• Task description: Reproduce exactly the lines of this material that begin at the line with "AUDI Q5 2018 - WA1BNAFY7J2087165" and end at the line with "Art Nouveau Pendant", both included. Omit the pictures and everything else.

• Data section:
········
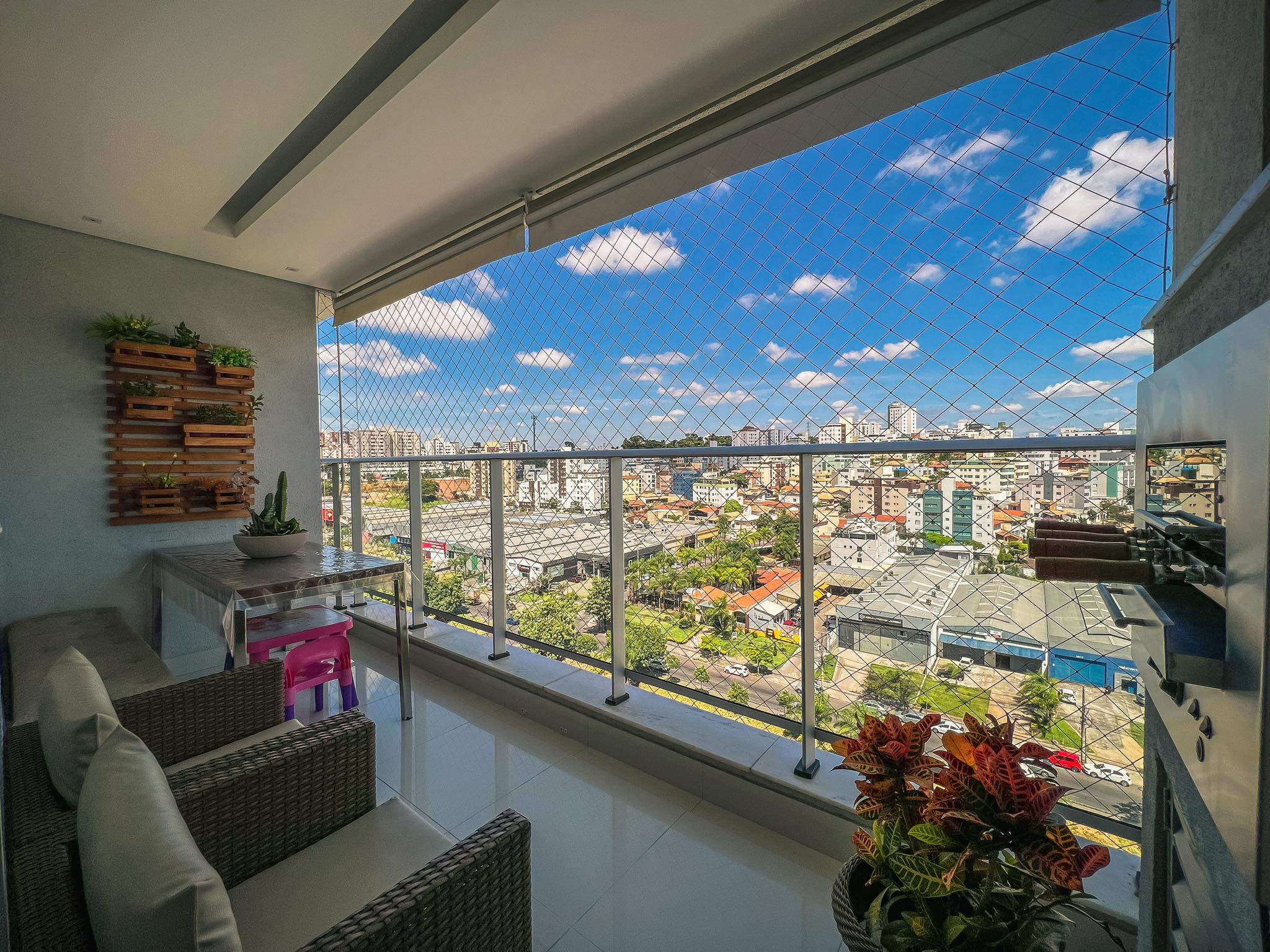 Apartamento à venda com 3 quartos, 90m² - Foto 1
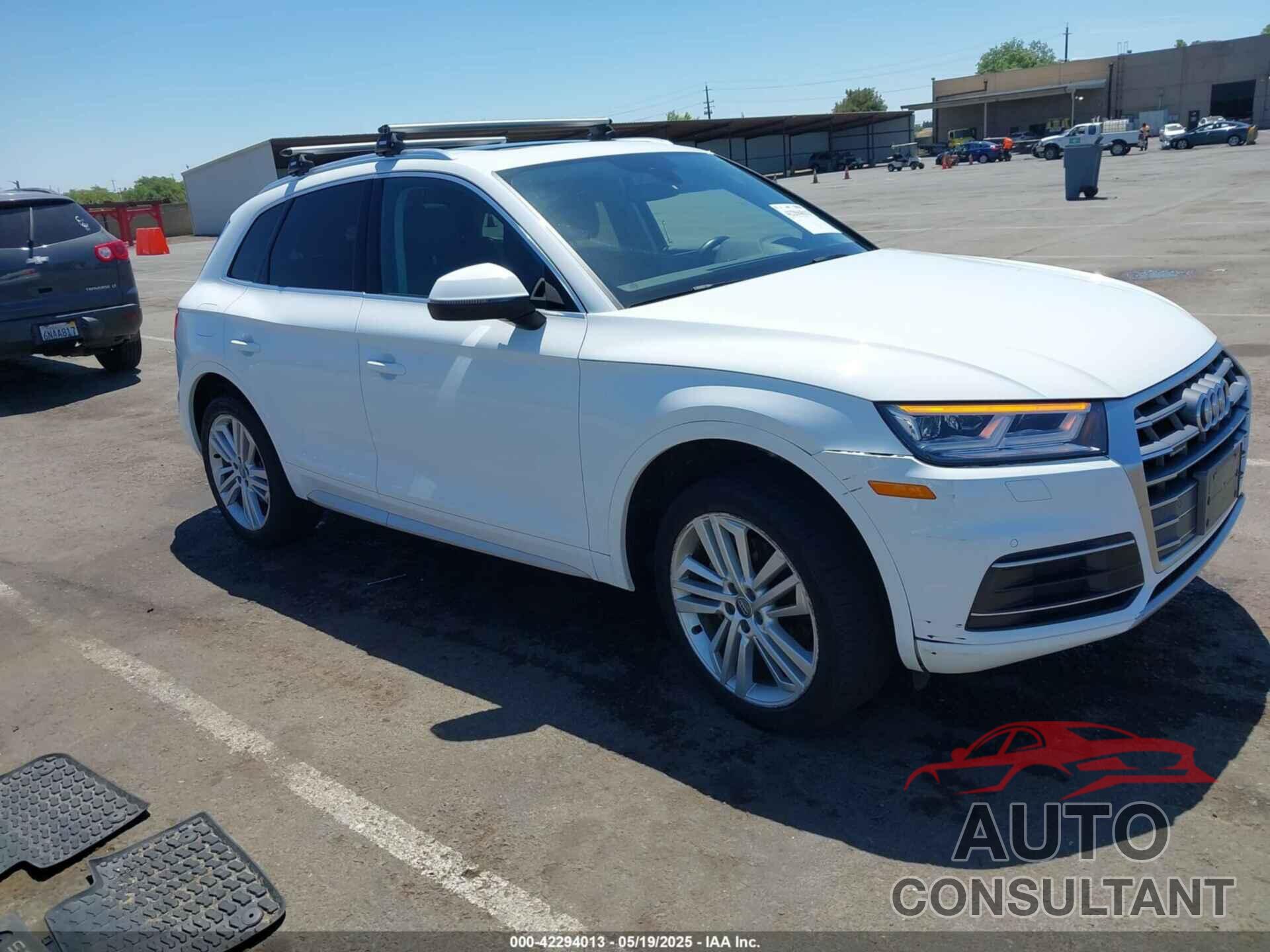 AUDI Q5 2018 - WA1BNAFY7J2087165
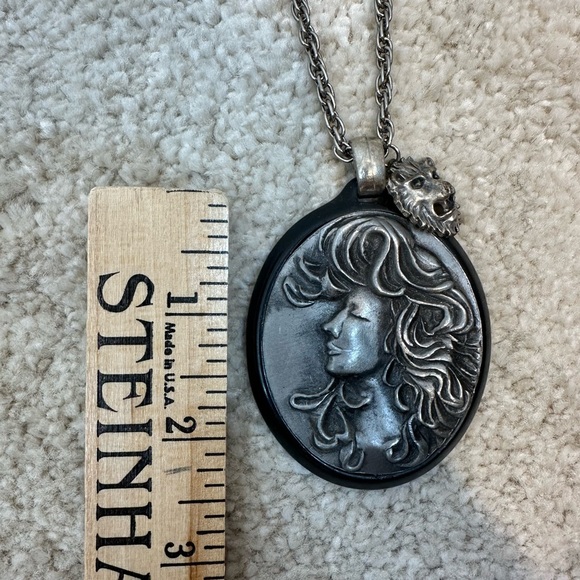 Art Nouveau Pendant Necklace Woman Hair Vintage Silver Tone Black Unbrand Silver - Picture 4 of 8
········
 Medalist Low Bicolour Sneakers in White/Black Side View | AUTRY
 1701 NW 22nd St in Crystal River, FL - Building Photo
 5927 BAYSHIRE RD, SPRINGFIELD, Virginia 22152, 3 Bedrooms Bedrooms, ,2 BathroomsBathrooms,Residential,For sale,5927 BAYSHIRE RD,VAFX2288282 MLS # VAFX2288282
········
• Answer section:
 AUDI Q5 2018 - WA1BNAFY7J2087165
 Art Nouveau Pendant Necklace Woman Hair Vintage Silver Tone Black Unbrand Silver - Picture 4 of 8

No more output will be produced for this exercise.